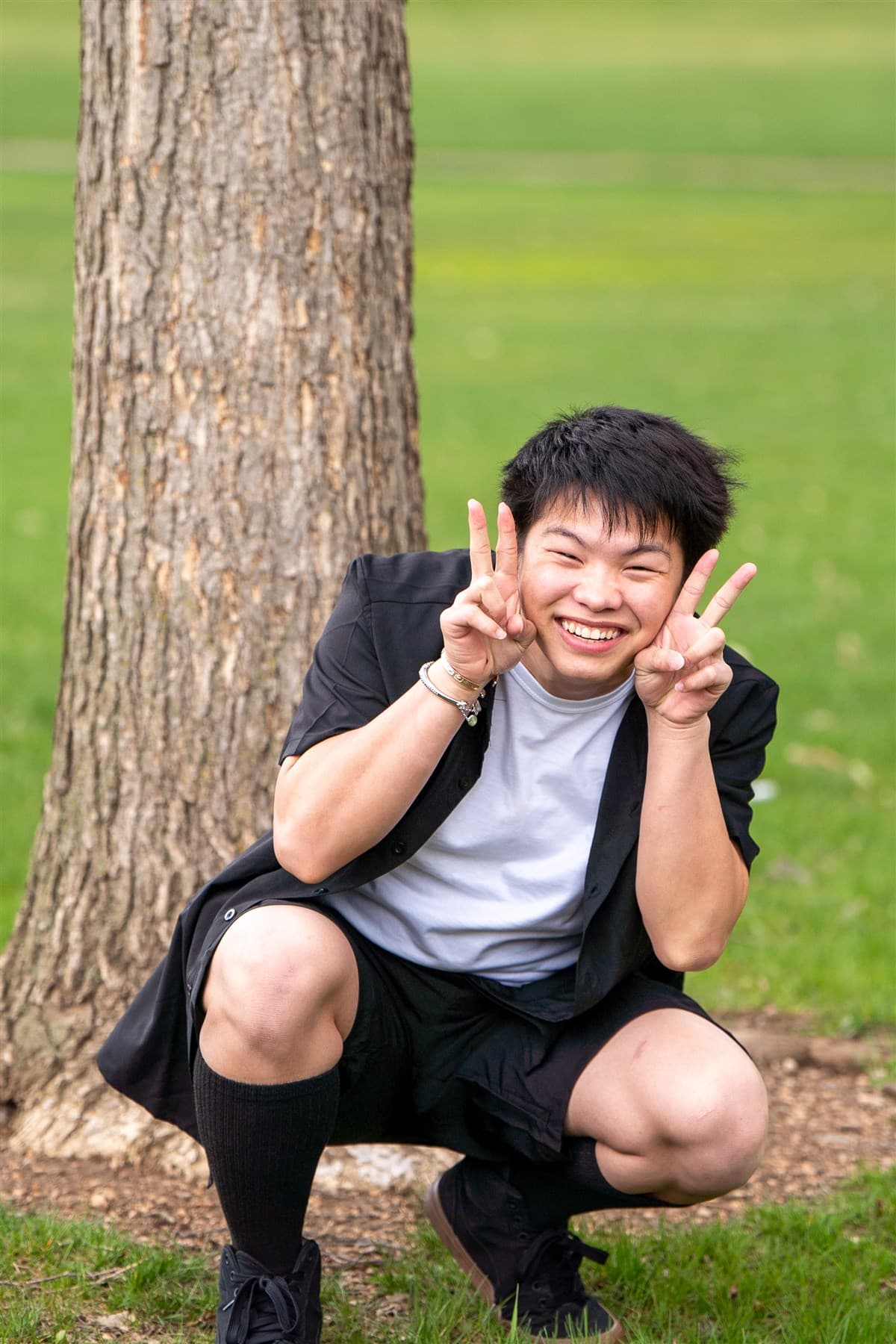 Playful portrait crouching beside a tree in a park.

* * *

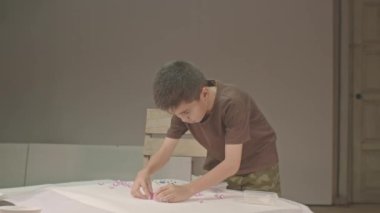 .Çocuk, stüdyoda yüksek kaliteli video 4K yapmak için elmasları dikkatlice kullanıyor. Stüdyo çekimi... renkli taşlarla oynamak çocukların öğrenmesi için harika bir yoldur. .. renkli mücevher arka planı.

* * *

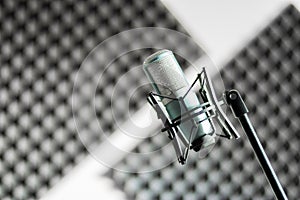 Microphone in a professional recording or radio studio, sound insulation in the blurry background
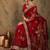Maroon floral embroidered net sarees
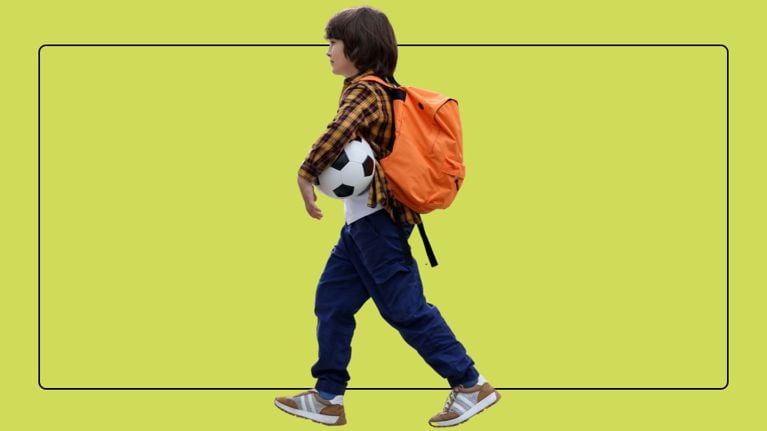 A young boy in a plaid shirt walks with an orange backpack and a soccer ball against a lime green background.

* * *

Your objective:
Reproduce the data above exactly, but only the lines from the one showing "Microphone in a" through the one showing "A young boy", with both ends kept and the pictures left out.

Answer to this exercise:
 Microphone in a professional recording or radio studio, sound insulation in the blurry background
Maroon floral embroidered net sarees
 A young boy in a plaid shirt walks with an orange backpack and a soccer ball against a lime green background.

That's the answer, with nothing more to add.